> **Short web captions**
- - - - - - -
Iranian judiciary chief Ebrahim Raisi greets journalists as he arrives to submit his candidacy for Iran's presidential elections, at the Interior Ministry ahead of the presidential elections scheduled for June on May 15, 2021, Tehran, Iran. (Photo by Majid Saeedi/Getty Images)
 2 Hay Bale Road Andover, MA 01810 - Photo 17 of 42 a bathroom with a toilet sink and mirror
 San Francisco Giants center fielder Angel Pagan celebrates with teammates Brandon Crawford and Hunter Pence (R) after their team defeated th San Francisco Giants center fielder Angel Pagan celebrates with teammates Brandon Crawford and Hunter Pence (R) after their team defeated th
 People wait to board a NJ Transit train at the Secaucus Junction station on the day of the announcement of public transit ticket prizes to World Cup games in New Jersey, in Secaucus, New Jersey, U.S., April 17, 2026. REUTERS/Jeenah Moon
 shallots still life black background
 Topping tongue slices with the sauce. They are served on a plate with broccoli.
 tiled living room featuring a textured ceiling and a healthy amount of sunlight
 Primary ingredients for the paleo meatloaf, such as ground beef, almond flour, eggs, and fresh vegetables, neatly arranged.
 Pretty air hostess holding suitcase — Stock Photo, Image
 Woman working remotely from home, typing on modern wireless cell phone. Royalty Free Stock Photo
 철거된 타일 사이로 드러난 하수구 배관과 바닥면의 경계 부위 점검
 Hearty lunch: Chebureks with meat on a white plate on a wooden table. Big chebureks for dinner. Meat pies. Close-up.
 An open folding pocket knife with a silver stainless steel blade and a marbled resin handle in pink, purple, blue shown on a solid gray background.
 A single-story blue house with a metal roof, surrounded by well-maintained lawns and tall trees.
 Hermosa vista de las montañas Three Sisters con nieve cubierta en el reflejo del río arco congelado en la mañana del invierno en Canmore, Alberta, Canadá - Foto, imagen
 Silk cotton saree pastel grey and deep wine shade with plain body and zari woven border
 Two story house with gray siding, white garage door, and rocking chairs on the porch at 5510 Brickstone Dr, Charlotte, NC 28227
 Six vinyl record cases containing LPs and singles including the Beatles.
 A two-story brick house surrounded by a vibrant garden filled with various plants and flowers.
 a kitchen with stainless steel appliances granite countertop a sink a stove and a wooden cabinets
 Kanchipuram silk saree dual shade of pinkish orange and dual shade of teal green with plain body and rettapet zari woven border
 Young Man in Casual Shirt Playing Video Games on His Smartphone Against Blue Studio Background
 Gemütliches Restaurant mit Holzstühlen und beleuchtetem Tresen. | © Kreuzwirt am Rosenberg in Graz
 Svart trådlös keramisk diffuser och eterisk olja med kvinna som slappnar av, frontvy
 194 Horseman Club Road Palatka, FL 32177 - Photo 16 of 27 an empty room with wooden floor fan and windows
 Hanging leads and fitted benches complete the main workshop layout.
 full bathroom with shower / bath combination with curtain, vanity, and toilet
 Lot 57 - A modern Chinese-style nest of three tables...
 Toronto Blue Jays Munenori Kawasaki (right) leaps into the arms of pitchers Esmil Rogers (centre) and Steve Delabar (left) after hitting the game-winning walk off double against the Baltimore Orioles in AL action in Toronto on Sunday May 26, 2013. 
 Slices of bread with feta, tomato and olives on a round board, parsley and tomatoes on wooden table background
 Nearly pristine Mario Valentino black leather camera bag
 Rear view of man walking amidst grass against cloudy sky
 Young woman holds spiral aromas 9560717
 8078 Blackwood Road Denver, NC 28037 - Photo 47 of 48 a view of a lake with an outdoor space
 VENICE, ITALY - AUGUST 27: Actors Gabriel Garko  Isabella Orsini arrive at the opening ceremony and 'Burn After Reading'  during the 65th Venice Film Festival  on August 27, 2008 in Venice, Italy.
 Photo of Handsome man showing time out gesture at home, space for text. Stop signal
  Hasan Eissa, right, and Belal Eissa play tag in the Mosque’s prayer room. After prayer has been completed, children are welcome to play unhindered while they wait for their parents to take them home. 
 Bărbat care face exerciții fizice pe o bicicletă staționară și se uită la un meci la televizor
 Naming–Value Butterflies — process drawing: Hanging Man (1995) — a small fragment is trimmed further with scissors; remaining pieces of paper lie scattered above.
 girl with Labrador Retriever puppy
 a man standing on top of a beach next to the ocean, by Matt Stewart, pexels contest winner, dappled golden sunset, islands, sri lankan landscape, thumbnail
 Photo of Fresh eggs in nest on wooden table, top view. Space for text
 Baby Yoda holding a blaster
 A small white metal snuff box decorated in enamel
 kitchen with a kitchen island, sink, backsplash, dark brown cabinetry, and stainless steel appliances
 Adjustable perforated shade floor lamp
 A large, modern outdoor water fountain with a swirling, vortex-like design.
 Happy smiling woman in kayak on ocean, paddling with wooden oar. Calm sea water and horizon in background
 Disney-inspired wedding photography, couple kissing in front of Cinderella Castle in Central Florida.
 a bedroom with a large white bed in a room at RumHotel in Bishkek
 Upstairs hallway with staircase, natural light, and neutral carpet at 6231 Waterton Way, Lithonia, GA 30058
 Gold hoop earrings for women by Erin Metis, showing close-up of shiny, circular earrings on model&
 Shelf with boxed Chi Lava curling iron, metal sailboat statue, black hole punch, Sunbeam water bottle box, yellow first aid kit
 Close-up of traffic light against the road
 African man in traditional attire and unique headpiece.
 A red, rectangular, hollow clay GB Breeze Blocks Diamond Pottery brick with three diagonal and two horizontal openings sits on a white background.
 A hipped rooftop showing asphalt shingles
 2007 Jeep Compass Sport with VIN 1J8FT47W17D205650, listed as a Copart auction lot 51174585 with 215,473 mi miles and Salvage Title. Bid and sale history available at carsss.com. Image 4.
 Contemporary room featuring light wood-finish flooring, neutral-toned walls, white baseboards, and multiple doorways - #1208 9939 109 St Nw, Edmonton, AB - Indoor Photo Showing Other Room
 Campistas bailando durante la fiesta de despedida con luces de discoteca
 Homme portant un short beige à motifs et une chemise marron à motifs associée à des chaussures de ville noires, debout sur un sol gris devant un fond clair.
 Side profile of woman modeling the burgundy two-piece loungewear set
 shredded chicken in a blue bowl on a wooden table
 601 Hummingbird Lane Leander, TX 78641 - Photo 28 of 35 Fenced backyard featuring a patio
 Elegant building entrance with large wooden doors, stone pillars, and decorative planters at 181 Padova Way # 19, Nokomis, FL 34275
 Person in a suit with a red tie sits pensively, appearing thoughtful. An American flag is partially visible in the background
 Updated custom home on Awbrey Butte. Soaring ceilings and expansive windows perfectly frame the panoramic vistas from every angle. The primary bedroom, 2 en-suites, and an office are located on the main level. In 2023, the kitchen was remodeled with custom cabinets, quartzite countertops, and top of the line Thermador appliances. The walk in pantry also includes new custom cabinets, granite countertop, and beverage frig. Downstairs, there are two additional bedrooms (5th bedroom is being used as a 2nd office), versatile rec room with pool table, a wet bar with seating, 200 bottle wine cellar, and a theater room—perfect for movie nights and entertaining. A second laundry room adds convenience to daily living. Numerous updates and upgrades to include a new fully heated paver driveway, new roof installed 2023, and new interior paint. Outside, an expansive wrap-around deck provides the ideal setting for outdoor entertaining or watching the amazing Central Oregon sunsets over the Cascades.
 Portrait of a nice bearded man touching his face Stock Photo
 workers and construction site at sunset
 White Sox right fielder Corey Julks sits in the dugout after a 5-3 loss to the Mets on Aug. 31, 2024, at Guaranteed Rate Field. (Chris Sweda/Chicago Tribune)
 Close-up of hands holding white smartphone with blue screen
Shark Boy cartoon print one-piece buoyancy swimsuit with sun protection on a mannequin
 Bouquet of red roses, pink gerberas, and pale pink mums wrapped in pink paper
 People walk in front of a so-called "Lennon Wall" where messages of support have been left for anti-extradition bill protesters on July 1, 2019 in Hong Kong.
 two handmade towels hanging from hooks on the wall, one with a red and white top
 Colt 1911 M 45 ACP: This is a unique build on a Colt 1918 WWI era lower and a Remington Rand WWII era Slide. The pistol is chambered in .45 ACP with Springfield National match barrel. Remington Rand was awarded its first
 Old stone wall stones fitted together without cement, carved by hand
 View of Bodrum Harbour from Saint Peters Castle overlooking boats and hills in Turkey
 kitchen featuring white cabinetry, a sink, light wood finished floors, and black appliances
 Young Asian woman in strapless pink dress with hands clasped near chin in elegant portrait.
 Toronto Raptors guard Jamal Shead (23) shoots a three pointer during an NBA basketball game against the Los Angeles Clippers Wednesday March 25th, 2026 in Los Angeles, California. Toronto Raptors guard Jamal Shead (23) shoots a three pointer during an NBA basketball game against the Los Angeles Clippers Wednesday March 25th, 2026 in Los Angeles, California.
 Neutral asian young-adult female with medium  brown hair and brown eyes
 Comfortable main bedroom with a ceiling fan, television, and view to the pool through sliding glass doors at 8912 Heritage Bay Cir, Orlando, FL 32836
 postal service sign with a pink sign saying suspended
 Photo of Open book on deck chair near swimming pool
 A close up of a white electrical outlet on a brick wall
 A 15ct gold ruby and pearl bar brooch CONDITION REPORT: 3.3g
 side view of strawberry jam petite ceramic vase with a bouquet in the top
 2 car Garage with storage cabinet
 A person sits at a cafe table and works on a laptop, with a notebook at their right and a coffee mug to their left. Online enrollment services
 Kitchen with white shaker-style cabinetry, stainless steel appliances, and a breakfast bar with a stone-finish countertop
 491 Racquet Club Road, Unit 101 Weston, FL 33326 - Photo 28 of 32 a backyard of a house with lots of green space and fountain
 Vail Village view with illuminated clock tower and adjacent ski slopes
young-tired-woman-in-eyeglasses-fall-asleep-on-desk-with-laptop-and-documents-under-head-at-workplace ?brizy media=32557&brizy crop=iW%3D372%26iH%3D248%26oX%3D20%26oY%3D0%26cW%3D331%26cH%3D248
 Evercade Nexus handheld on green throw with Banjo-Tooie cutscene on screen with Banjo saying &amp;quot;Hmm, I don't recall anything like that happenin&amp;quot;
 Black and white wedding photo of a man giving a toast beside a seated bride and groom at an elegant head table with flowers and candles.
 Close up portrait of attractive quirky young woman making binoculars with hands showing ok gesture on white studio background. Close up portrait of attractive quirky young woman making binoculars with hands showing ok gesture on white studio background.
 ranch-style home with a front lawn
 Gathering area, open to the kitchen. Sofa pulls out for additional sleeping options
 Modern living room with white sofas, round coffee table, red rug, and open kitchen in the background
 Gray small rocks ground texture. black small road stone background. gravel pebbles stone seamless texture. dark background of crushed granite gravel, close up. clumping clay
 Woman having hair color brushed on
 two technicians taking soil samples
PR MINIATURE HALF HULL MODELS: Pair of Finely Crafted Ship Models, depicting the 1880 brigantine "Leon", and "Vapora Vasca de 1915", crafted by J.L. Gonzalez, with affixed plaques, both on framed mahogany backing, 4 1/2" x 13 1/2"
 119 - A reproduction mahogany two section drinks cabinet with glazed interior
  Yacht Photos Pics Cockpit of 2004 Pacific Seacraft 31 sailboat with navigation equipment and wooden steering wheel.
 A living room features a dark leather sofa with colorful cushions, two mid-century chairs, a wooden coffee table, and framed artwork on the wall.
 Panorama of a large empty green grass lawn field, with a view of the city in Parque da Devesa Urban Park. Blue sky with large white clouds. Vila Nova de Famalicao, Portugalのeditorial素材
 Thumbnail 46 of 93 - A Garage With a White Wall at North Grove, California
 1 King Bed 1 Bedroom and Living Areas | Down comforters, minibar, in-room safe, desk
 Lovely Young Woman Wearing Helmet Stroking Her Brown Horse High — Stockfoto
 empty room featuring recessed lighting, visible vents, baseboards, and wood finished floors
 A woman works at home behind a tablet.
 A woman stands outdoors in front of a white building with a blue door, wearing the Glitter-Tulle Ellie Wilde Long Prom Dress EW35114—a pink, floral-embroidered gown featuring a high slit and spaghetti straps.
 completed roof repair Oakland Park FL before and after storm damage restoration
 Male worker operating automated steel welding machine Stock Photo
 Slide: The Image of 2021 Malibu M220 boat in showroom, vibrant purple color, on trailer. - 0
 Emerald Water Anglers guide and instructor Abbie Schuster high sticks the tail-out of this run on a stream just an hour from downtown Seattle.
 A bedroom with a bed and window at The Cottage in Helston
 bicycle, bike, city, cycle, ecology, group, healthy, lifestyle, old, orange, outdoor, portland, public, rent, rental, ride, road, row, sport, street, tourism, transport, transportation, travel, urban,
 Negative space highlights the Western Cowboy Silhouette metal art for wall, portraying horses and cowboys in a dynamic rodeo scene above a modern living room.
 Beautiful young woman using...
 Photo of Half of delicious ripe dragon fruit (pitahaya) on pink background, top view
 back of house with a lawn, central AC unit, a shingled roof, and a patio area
- - - - - - -
> **Task prompt**
Could you reproduce exactly the lines of the entries above, from the one with "girl with Labrador Retriever puppy" through the one with "A hipped rooftop showing asphalt shingles", and nothing else?

> **Response box**
 girl with Labrador Retriever puppy
 a man standing on top of a beach next to the ocean, by Matt Stewart, pexels contest winner, dappled golden sunset, islands, sri lankan landscape, thumbnail
 Photo of Fresh eggs in nest on wooden table, top view. Space for text
 Baby Yoda holding a blaster
 A small white metal snuff box decorated in enamel
 kitchen with a kitchen island, sink, backsplash, dark brown cabinetry, and stainless steel appliances
 Adjustable perforated shade floor lamp
 A large, modern outdoor water fountain with a swirling, vortex-like design.
 Happy smiling woman in kayak on ocean, paddling with wooden oar. Calm sea water and horizon in background
 Disney-inspired wedding photography, couple kissing in front of Cinderella Castle in Central Florida.
 a bedroom with a large white bed in a room at RumHotel in Bishkek
 Upstairs hallway with staircase, natural light, and neutral carpet at 6231 Waterton Way, Lithonia, GA 30058
 Gold hoop earrings for women by Erin Metis, showing close-up of shiny, circular earrings on model&
 Shelf with boxed Chi Lava curling iron, metal sailboat statue, black hole punch, Sunbeam water bottle box, yellow first aid kit
 Close-up of traffic light against the road
 African man in traditional attire and unique headpiece.
 A red, rectangular, hollow clay GB Breeze Blocks Diamond Pottery brick with three diagonal and two horizontal openings sits on a white background.
 A hipped rooftop showing asphalt shingles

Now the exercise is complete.